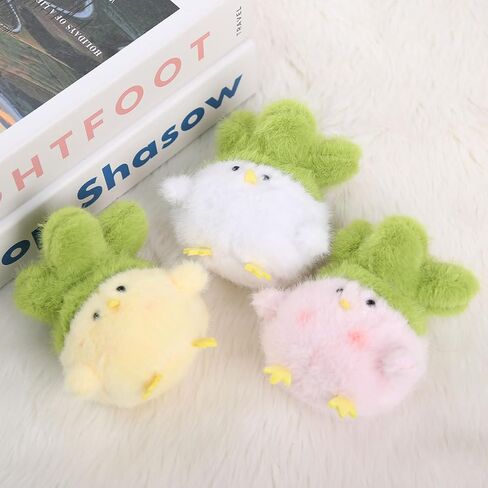 Cartoon Chick Cute Plush Keychain Apply to Car Key Backpack charms Women Handbag Wallet Pendants Decoration in Saudi Arabia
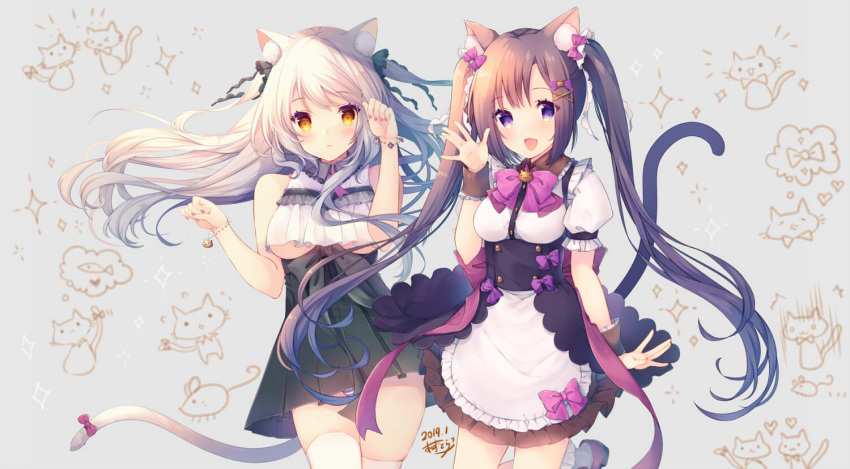 2girls animal_ear_fluff animal_ears apron azu_torako banned_artist bare_arms bare_shoulders black_dress bobby_socks bow breasts brown_eyes brown_hair brown_skirt cat_ears cat_girl cat_tail commentary_request dress frilled_apron frills long_hair medium_breasts multiple_girls original puffy_short_sleeves puffy_sleeves purple_eyes shirt short_sleeves silver_hair skirt socks tail tail_bow tail_raised thighhighs twintails underboob very_long_hair waist_apron white_apron white_legwear white_shirt wrist_cuffs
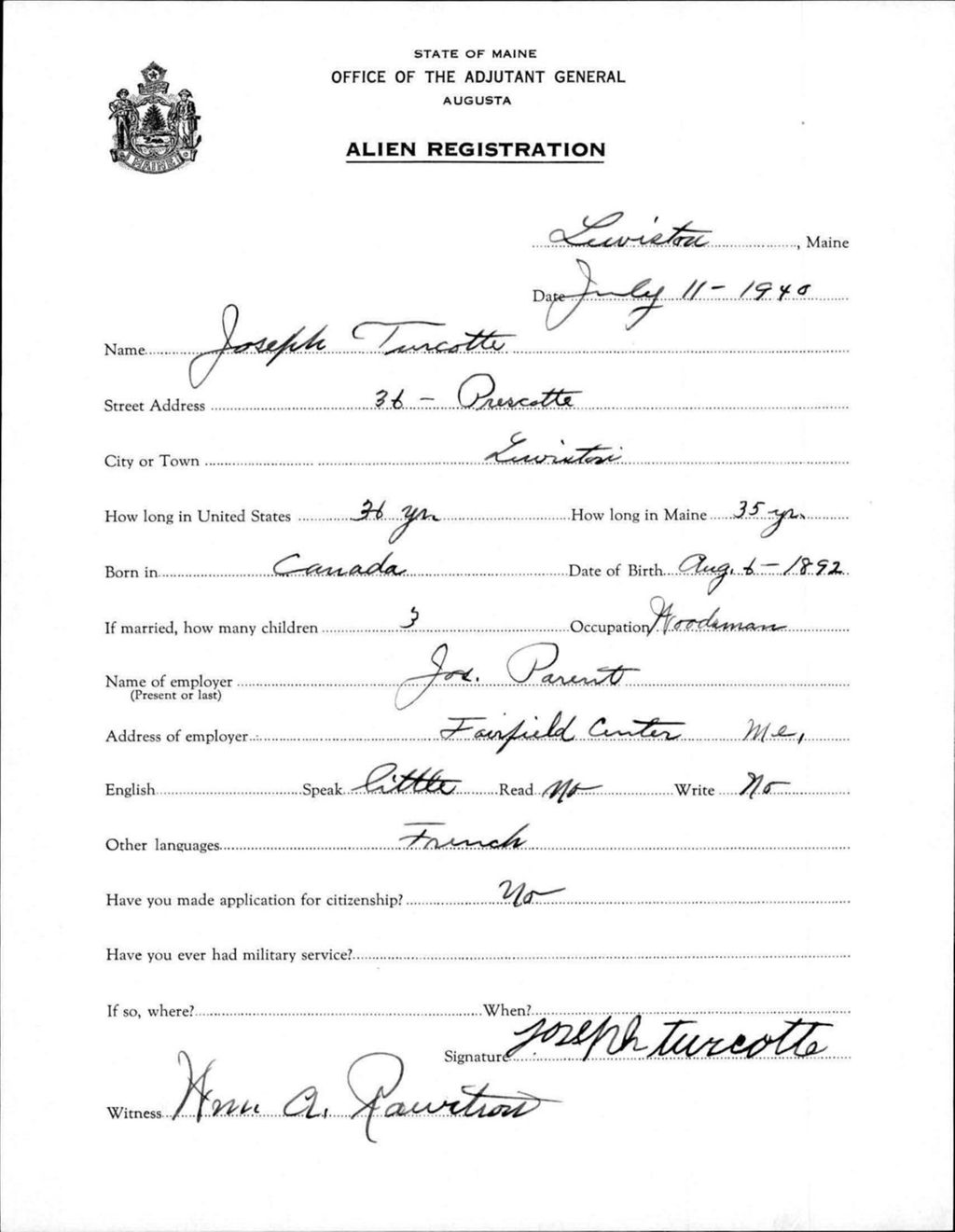Miniature of Alien Registration- Turcotte, Joseph (Lewiston, Androscoggin County)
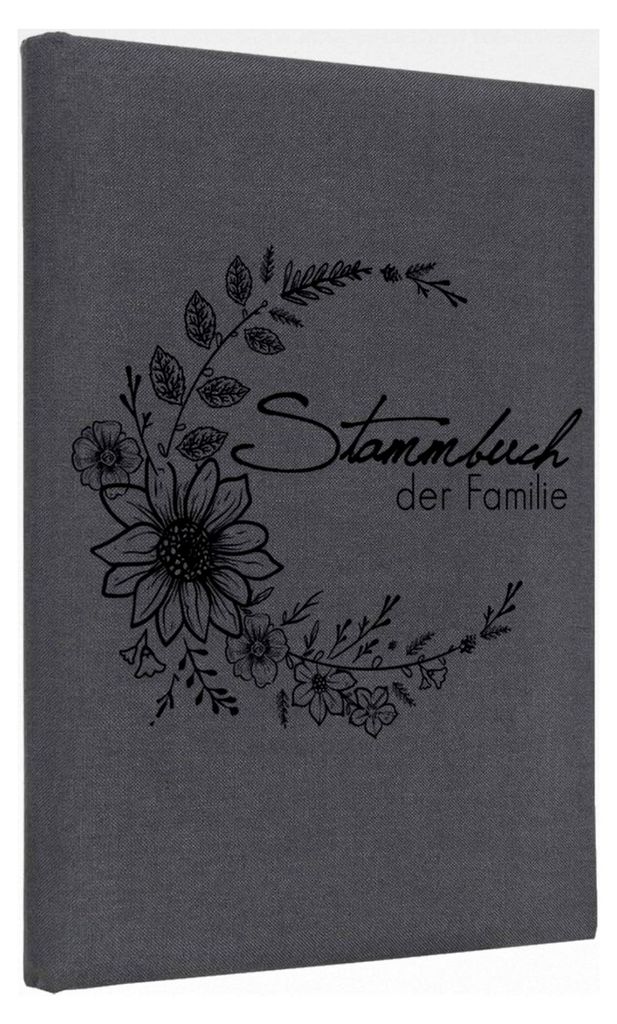 Stammbuch zur Hochzeit – Klassisch in Grau – Familienbuch & Erinnerungsbuch mit 6-fach Ringmechanik, hochwertigem Buchbinderleinen, handgeferti...
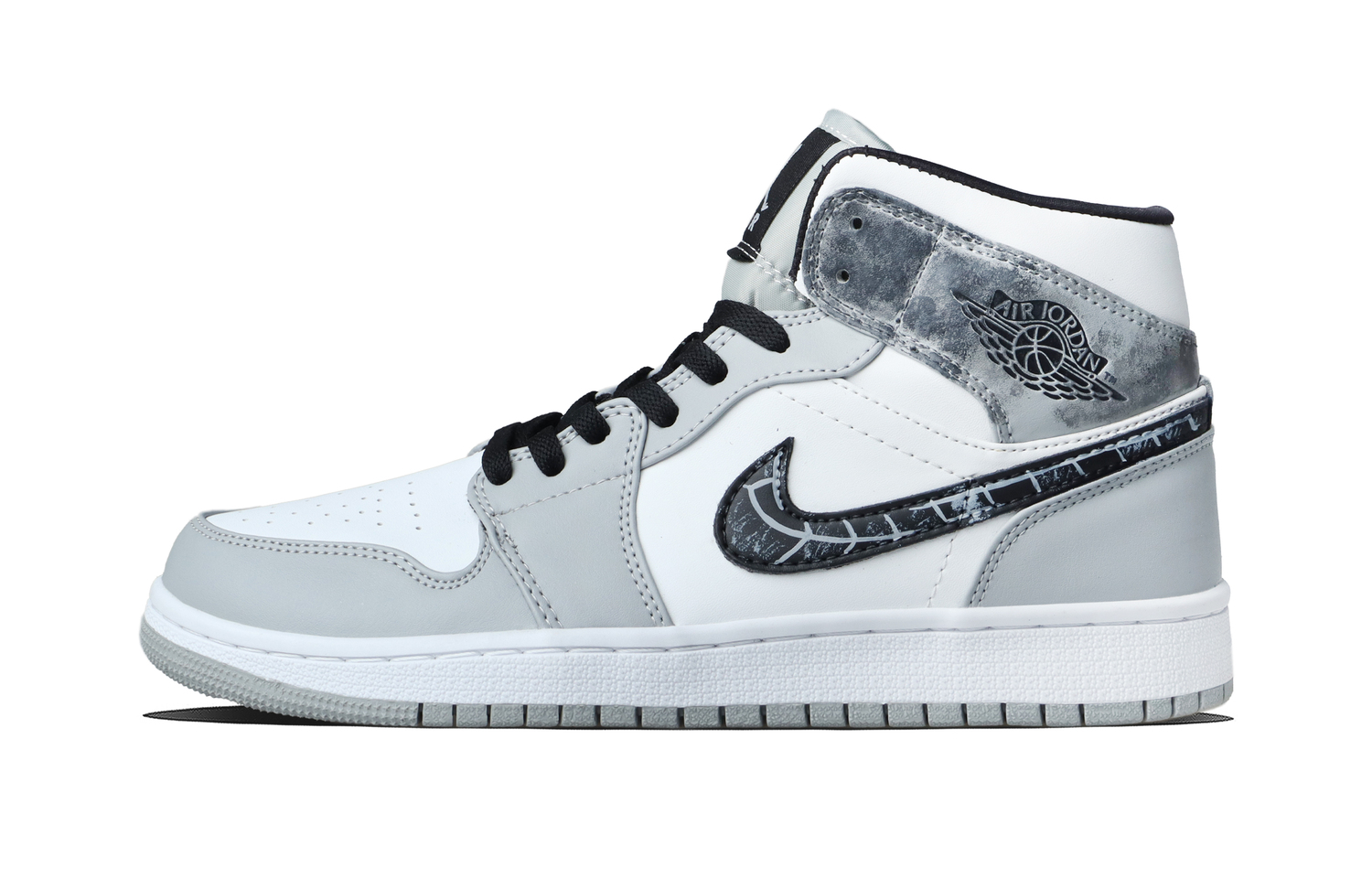 

Air 1 Patchy устойчивые к истиранию кроссовки Mid Top в винтажном стиле унисекс Jordan, серый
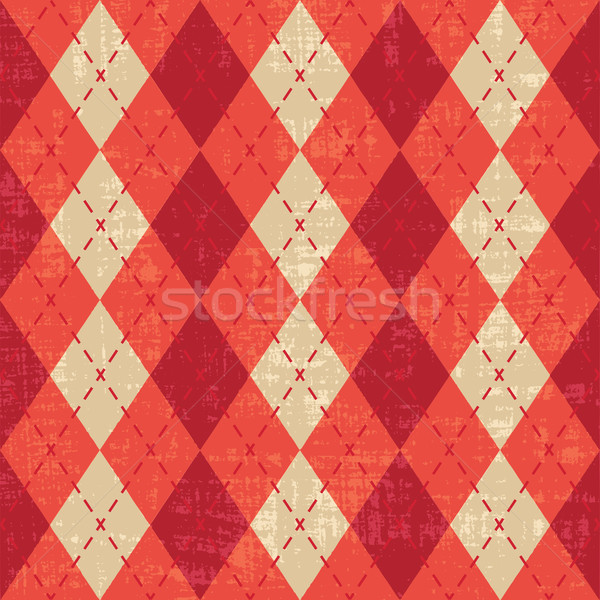 600x600 Scratched Red And Orange Argyle Pattern Inspired Vector Background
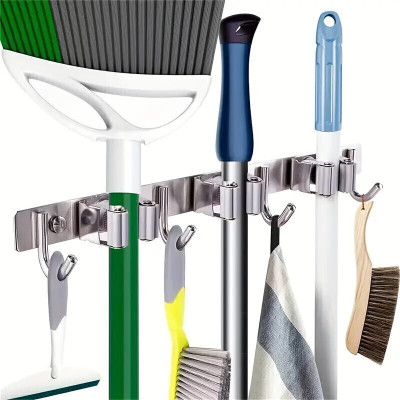 SorresaA Silver Stainless Steel Broom Holder(3 Holders)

= = = =

- Exercise -
Where the line containing "600x600 Scratched Red" appears in the entries above, start there and set down every line exactly through the last one, inclusive; omit pictures.

- Problem solution -
 600x600 Scratched Red And Orange Argyle Pattern Inspired Vector Background
 SorresaA Silver Stainless Steel Broom Holder(3 Holders)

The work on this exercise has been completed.